Characteristics and Outcomes of Revascularized Patients With Hypertension
An International Verapamil SR-Trandolapril Substudy
Our understanding of the growing population of revascularized patients with hypertension is limited. We retrospectively analyzed the International Verapamil SR-Trandolapril Study, which randomized coronary artery disease patients with hypertension to either verapamil SR- or atenolol-based treatment strategies, focusing on characteristics and outcomes of 6166 previously revascularized patients compared with 16 410 nonrevascularized patients. Revascularized patients had a history of coronary artery bypass grafting (45.2%), percutaneous coronary intervention (42.1%), or both (12.8%). Compared with nonrevascularized patients, revascularized patients at baseline demonstrated a higher prevalence of coronary artery disease risk factors and risk conditions (P<0.001). This higher prevalence was the principal cause of a higher incidence of primary outcome (death, nonfatal myocardial infarction, or nonfatal stroke) among revascularized patients (14.2% versus 8.5% for nonrevascularized patients; P<0.001). However, both patient groups demonstrated a relatively low incidence of subsequent revascularization (5.1% versus 1.5% respectively; P<0.0001). Associations between adjusted hazard ratio for primary outcome and follow-up blood pressure appeared “J shaped” for both patient groups. Because, as a group, revascularized patients with hypertension had worse outcomes compared with nonrevascularized patients, management of blood pressure to a specific target in future studies could result in improved outcomes.
- blood pressure
- coronary artery disease
- coronary artery bypass grafting
- percutaneous coronary intervention
Despite advances in prevention, pharmacotherapy, and revascularization, atherosclerotic coronary artery disease (CAD) remains the leading cause of death in adults.1,2 Revascularization procedures (coronary artery bypass grafting [CABG] and percutaneous coronary intervention [PCI]) have increased in use as effective treatments for CAD.2 For example, during 2004, 1 700 000 coronary revascularization procedures were performed compared with 900 000 in 1994.2 Hypertension (HTN) is a major risk factor for the development and progression of CAD,2 and previous revascularization is also a risk factor for progression of CAD.3 Among CAD patients, the prevalence of HTN is ≈60% to 69%,2,4 and this prevalence is predicted to increase.5 The annual incidence of revascularization among CAD patients is 10%,2 and, in certain subpopulations, revascularization improves survival.6–9 Although the population of CAD patients with HTN and previous revascularization is growing, our understanding of the characteristics of this population and their associations with outcomes is incomplete. The International Verapamil SR-Trandolapril Study (INVEST) provides an opportunity to address these gaps in our knowledge base.
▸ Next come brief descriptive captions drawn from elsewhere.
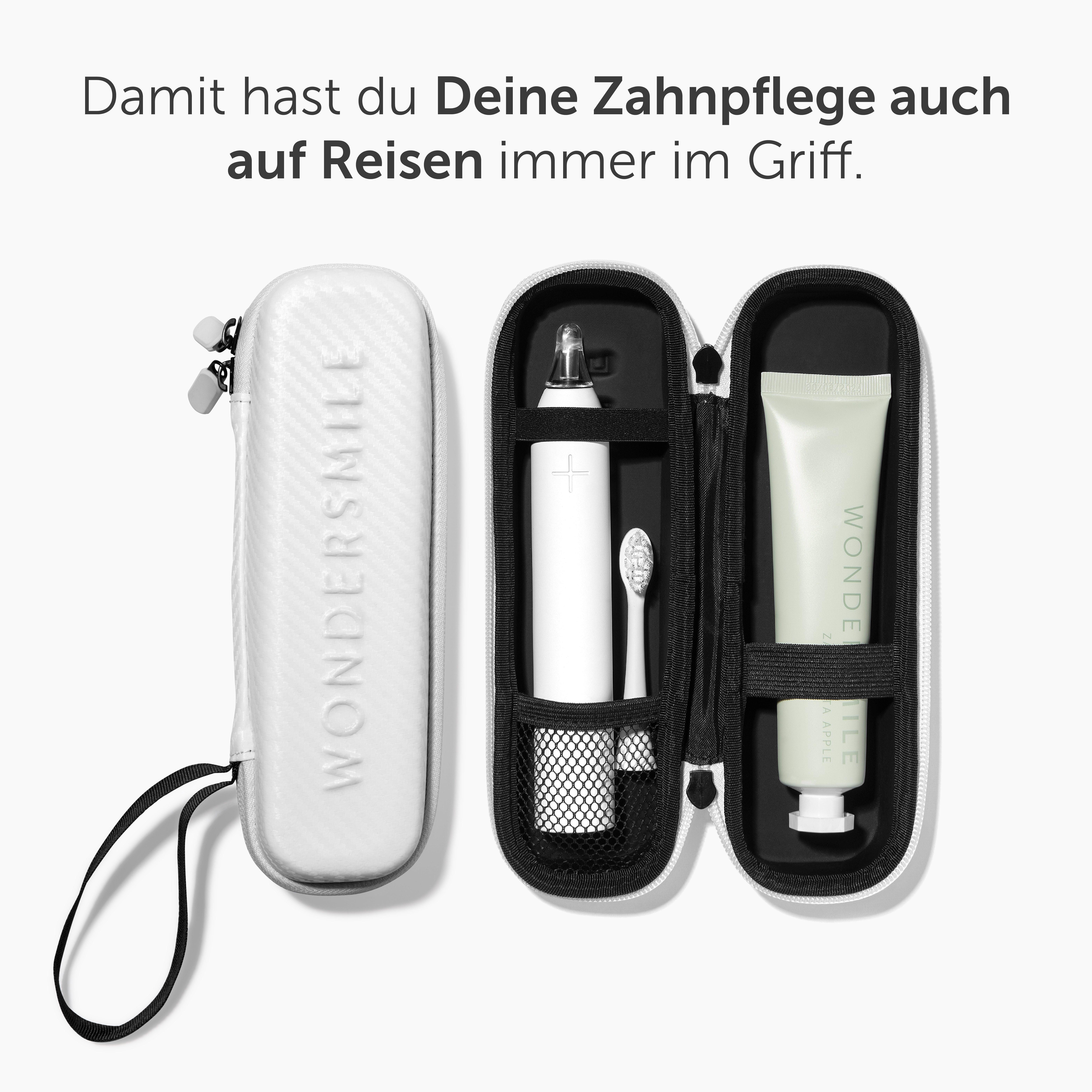 Wondersmile Schallzahnbürste Pro Travel Care Bundle, Aufsteckbürsten: 1 St., inkl. Reiseetui & Zahnpasta, Integrierter Zungenreiniger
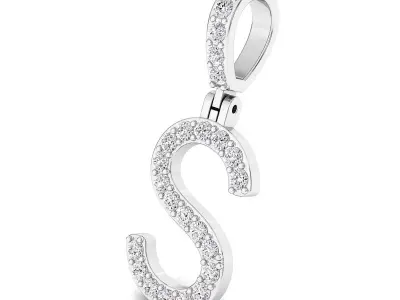 Alphabet S-letter single row pendant 3D print model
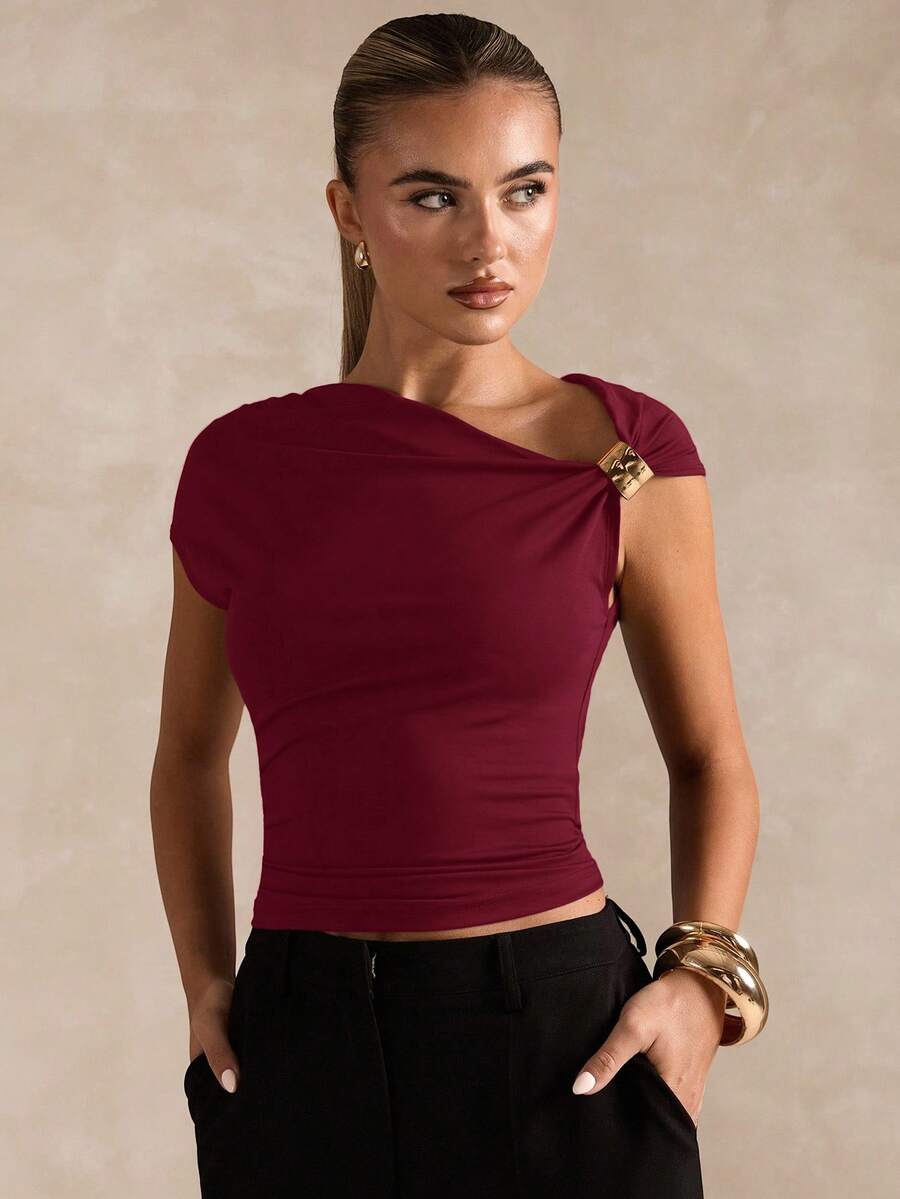 BROWN AMOUR | Asymmetric Neckline Tee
INVEST was a randomized, open-label, blinded end-point study of 22 576 CAD patients with HTN aged ≥50 years that compared outcomes of patients managed with verapamil SR- versus atenolol-based antihypertensive strategies.10 The main results were that both of these strategies provided excellent BP control (>70% patients achieved <140/90 mm Hg) and were equivalent for reducing mortality and major morbidity.11 We report here the results of a prespecified analysis focusing on patients with previous revascularization compared with those without revascularization.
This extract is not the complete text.